Try to avoid ruling out a bug in one piece of code simply because you believe that it's correct. If you're dealing with a bug, that usually implies that there's something wrong with your mental model of your code -- either how your implementation actually works, or else your understanding of how it's supposed to work. As such, you can't rely too much on your mental model; always verify your assumptions.
Debugging is a complex and multifaceted skill, and doing it well takes discipline and clear consideration. Try to think carefully about why your debugging approaches are succeeding or failing (or even just being convenient or painful), and take the time to find and explore new approaches that may help you. Time invested now in improving your debugging knowledge will pay off well in later labs.
Making premature fixes are often dangerous when debugging. They may or may not solve the issue you're locking at, and are just as likely to shift the exact location and presentation of the fault you're trying to track down. Even worse, they may simply mask the real fault, rather than solve it. Wait until you're confident about the exact fault causing your observable error before you attempt a fix.
Sometimes, making a fix doesn't immediately solve all of your problems. Sometimes, the same test case still fails, because the old fault was corrected, and a new fault that was previously hidden is now visible.
Don't neglect the possibility of bugs in your glue code.
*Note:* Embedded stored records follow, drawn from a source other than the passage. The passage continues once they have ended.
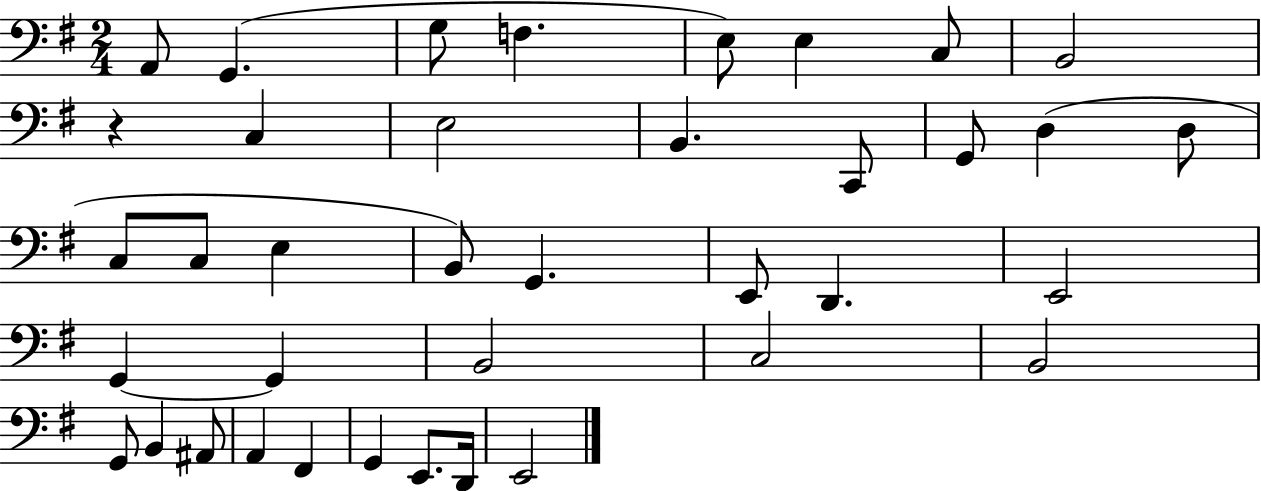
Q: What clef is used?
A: bass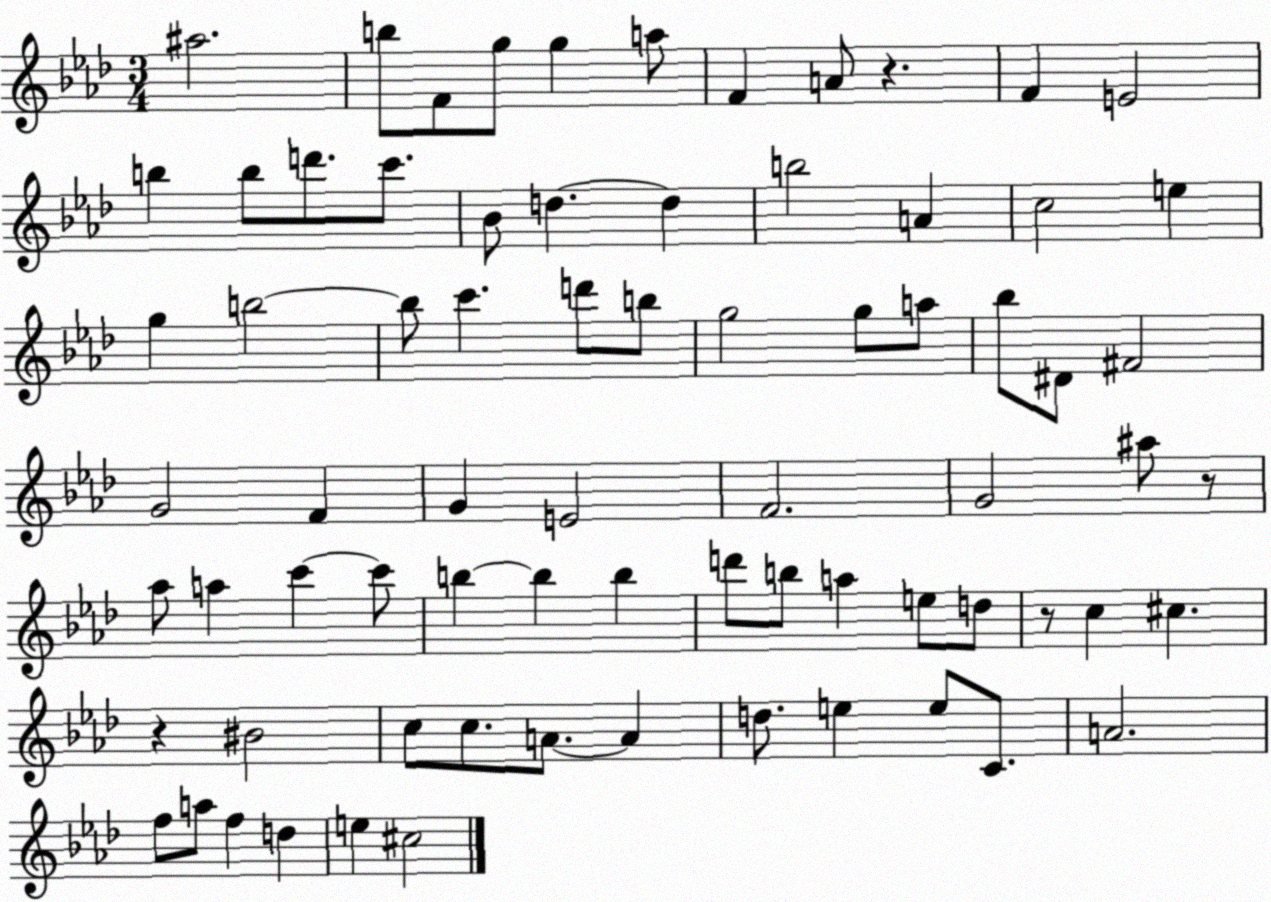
X:1
T:Untitled
M:3/4
L:1/4
K:Ab
^a2 b/2 F/2 g/2 g a/2 F A/2 z F E2 b b/2 d'/2 c'/2 _B/2 d d b2 A c2 e g b2 b/2 c' d'/2 b/2 g2 g/2 a/2 _b/2 ^D/2 ^F2 G2 F G E2 F2 G2 ^a/2 z/2 _a/2 a c' c'/2 b b b d'/2 b/2 a e/2 d/2 z/2 c ^c z ^B2 c/2 c/2 A/2 A d/2 e e/2 C/2 A2 f/2 a/2 f d e ^c2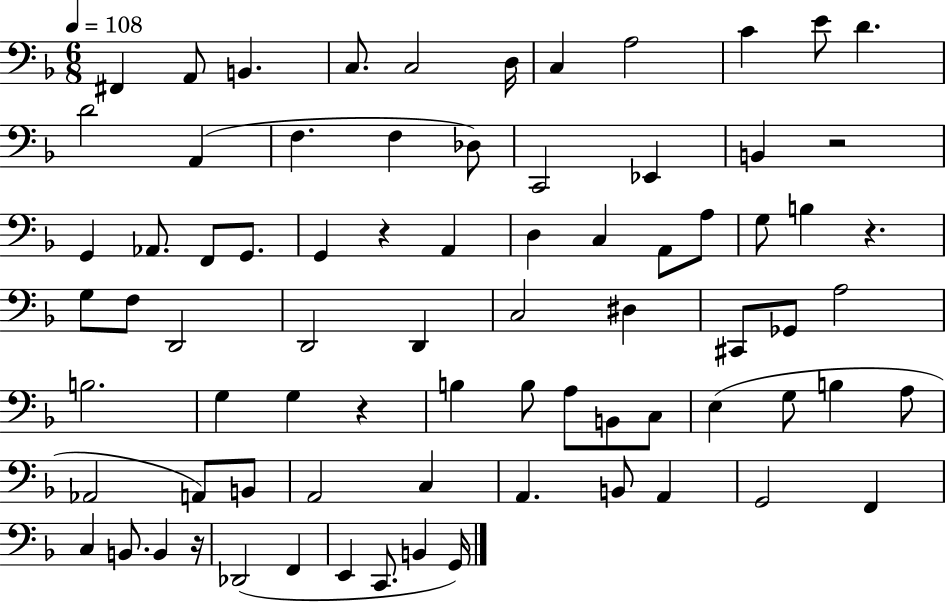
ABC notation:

X:1
T:Untitled
M:6/8
L:1/4
K:F
^F,, A,,/2 B,, C,/2 C,2 D,/4 C, A,2 C E/2 D D2 A,, F, F, _D,/2 C,,2 _E,, B,, z2 G,, _A,,/2 F,,/2 G,,/2 G,, z A,, D, C, A,,/2 A,/2 G,/2 B, z G,/2 F,/2 D,,2 D,,2 D,, C,2 ^D, ^C,,/2 _G,,/2 A,2 B,2 G, G, z B, B,/2 A,/2 B,,/2 C,/2 E, G,/2 B, A,/2 _A,,2 A,,/2 B,,/2 A,,2 C, A,, B,,/2 A,, G,,2 F,, C, B,,/2 B,, z/4 _D,,2 F,, E,, C,,/2 B,, G,,/4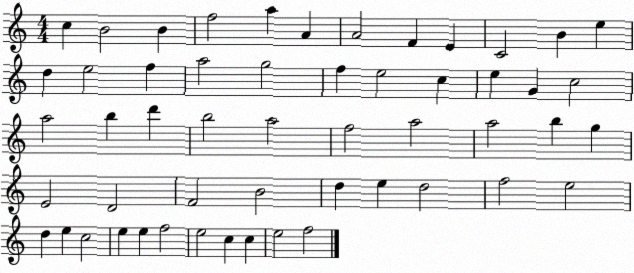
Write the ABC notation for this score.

X:1
T:Untitled
M:4/4
L:1/4
K:C
c B2 B f2 a A A2 F E C2 B e d e2 f a2 g2 f e2 c e G c2 a2 b d' b2 a2 f2 a2 a2 b g E2 D2 F2 B2 d e d2 f2 e2 d e c2 e e f2 e2 c c e2 f2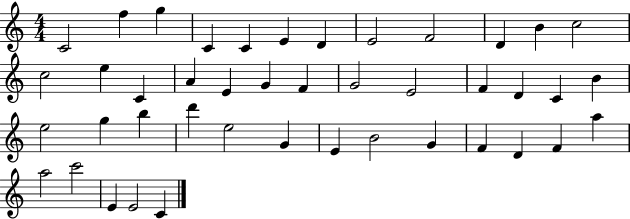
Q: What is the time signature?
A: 4/4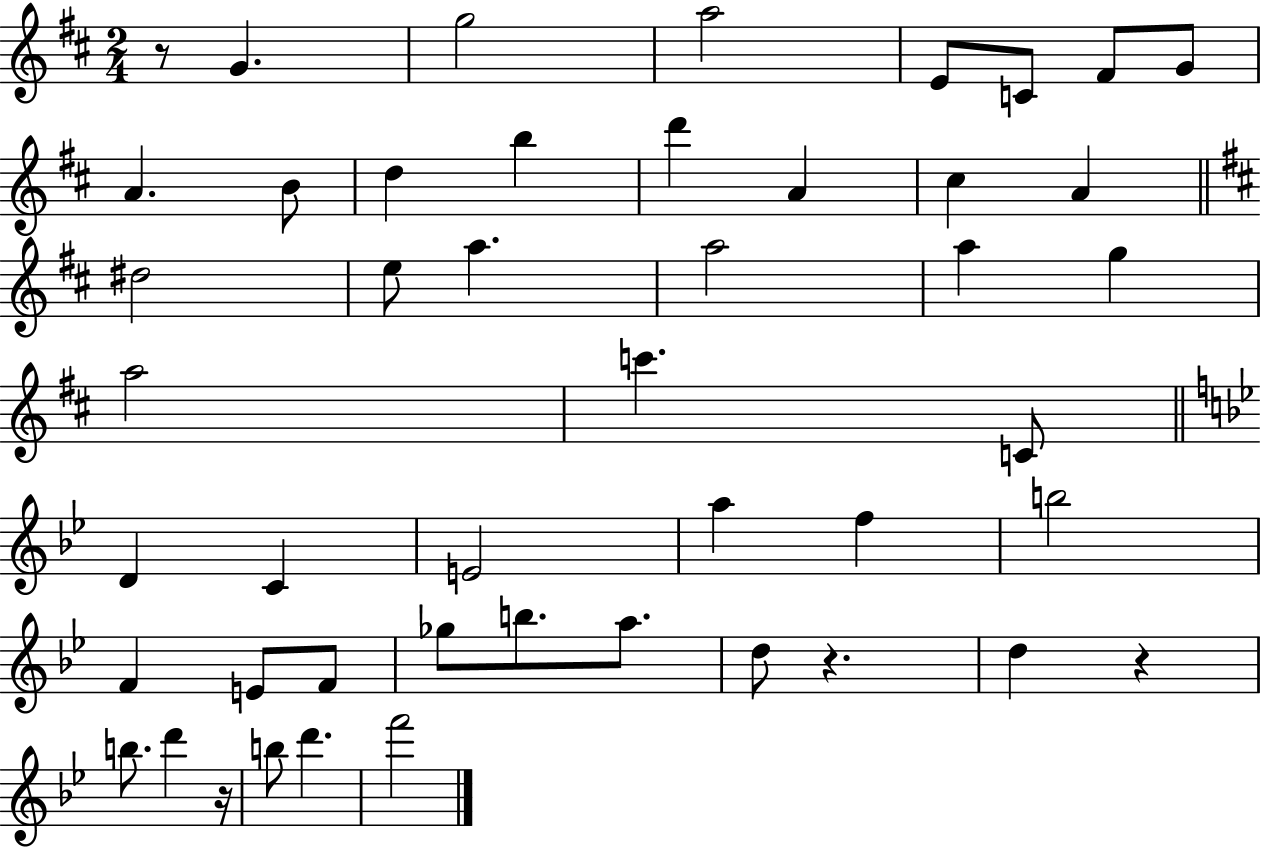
R/e G4/q. G5/h A5/h E4/e C4/e F#4/e G4/e A4/q. B4/e D5/q B5/q D6/q A4/q C#5/q A4/q D#5/h E5/e A5/q. A5/h A5/q G5/q A5/h C6/q. C4/e D4/q C4/q E4/h A5/q F5/q B5/h F4/q E4/e F4/e Gb5/e B5/e. A5/e. D5/e R/q. D5/q R/q B5/e. D6/q R/s B5/e D6/q. F6/h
Elements like main loops, locks, and channel I/O may seem simple and unlikely to be wrong, but they can sometimes hide extremely challenging bugs.
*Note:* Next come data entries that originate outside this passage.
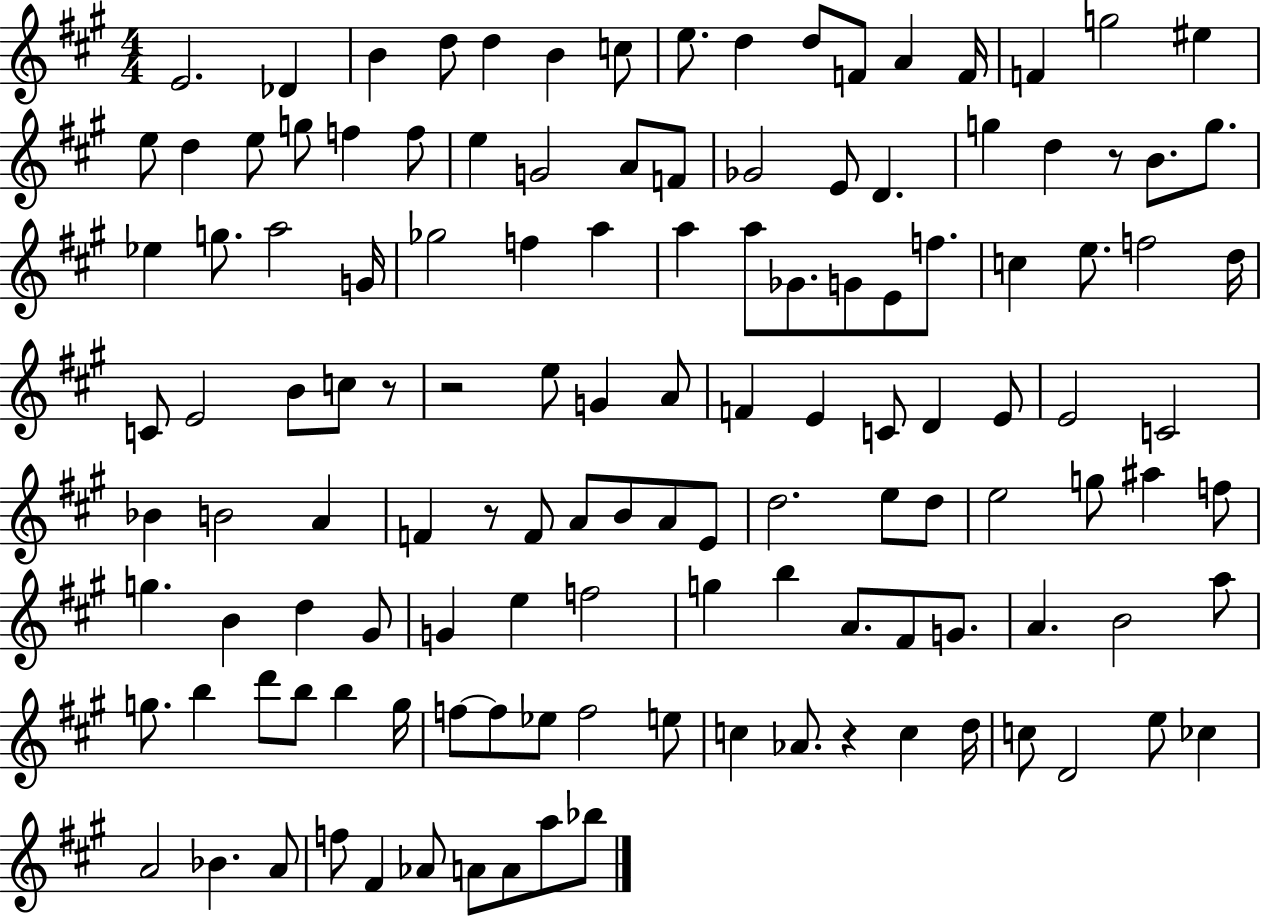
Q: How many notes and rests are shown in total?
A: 129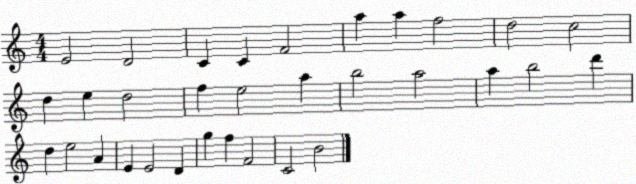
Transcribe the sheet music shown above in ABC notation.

X:1
T:Untitled
M:4/4
L:1/4
K:C
E2 D2 C C F2 a a f2 d2 c2 d e d2 f e2 a b2 a2 a b2 d' d e2 A E E2 D g f F2 C2 B2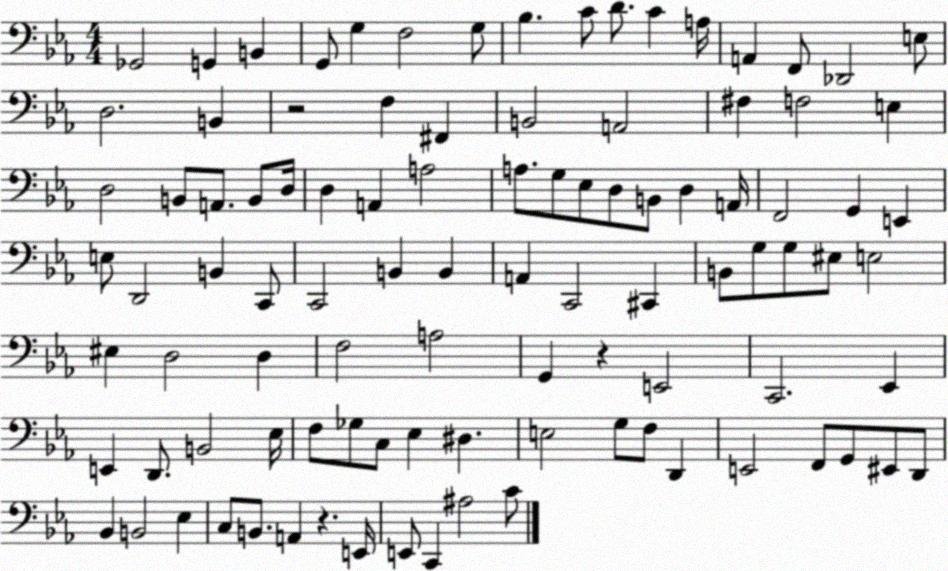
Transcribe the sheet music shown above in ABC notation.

X:1
T:Untitled
M:4/4
L:1/4
K:Eb
_G,,2 G,, B,, G,,/2 G, F,2 G,/2 _B, C/2 D/2 C A,/4 A,, F,,/2 _D,,2 E,/2 D,2 B,, z2 F, ^F,, B,,2 A,,2 ^F, F,2 E, D,2 B,,/2 A,,/2 B,,/2 D,/4 D, A,, A,2 A,/2 G,/2 _E,/2 D,/2 B,,/2 D, A,,/4 F,,2 G,, E,, E,/2 D,,2 B,, C,,/2 C,,2 B,, B,, A,, C,,2 ^C,, B,,/2 G,/2 G,/2 ^E,/2 E,2 ^E, D,2 D, F,2 A,2 G,, z E,,2 C,,2 _E,, E,, D,,/2 B,,2 _E,/4 F,/2 _G,/2 C,/2 _E, ^D, E,2 G,/2 F,/2 D,, E,,2 F,,/2 G,,/2 ^E,,/2 D,,/2 _B,, B,,2 _E, C,/2 B,,/2 A,, z E,,/4 E,,/2 C,, ^A,2 C/2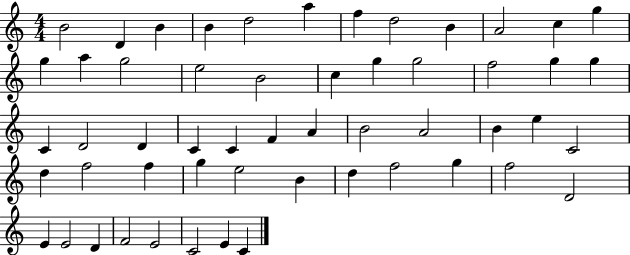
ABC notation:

When possible, consider writing your code to "fail loudly". Instead of trying to tolerate unexpected states, try to explicitly detect states that should never be allowed to happen, and immediately report these errors. Consider even immediately calling the Go 'panic' function in these cases to fail especially loudly. See also the Wikipedia page on Offensive programming techniques. Remember that the longer you allow errors to remain latent, the longer it will take to narrow down the true underlying fault.
When dealing with a bug that occurs sporadically, the best approach is usually to log aggressively and dump the output to a file. It's easier to filter out irrelevant parts of a verbose log (such as with a separate script) than it is to wait for the error to reappear after N runs.
When you're failing a test, and it's not obvious why, it's usually worth taking the time to understand what the test is actually doing, and which part of the test is observing the problem. It can be helpful to add print statements to the test code so that you know when events are happening.
And one last note: locking strategy matters. A lack of races reported by the race detector does not indicate that your locking strategy is correct. In particular, fine-grained locks can be dangerous, because they can introduce more changes for interleaving.